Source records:

━━━━━━━━━━

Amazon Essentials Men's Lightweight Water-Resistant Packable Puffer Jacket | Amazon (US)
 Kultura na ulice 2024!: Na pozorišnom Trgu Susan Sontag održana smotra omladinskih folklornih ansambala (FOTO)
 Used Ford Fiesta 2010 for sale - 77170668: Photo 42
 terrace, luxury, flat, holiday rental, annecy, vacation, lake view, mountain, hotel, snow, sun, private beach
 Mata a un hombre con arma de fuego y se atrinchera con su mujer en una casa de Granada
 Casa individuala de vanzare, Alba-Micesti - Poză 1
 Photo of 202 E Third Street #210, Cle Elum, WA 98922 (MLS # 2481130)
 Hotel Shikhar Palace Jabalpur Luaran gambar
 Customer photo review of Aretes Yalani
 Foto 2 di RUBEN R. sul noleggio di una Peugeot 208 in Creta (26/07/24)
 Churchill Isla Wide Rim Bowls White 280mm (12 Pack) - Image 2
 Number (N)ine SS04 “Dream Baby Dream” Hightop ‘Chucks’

━━━━━━━━━━

*What you are asked to do*: The response has to contain every record shown above, unaltered and complete.

*Response area*:
Amazon Essentials Men's Lightweight Water-Resistant Packable Puffer Jacket | Amazon (US)
 Kultura na ulice 2024!: Na pozorišnom Trgu Susan Sontag održana smotra omladinskih folklornih ansambala (FOTO)
 Used Ford Fiesta 2010 for sale - 77170668: Photo 42
 terrace, luxury, flat, holiday rental, annecy, vacation, lake view, mountain, hotel, snow, sun, private beach
 Mata a un hombre con arma de fuego y se atrinchera con su mujer en una casa de Granada
 Casa individuala de vanzare, Alba-Micesti - Poză 1
 Photo of 202 E Third Street #210, Cle Elum, WA 98922 (MLS # 2481130)
 Hotel Shikhar Palace Jabalpur Luaran gambar
 Customer photo review of Aretes Yalani
 Foto 2 di RUBEN R. sul noleggio di una Peugeot 208 in Creta (26/07/24)
 Churchill Isla Wide Rim Bowls White 280mm (12 Pack) - Image 2
 Number (N)ine SS04 “Dream Baby Dream” Hightop ‘Chucks’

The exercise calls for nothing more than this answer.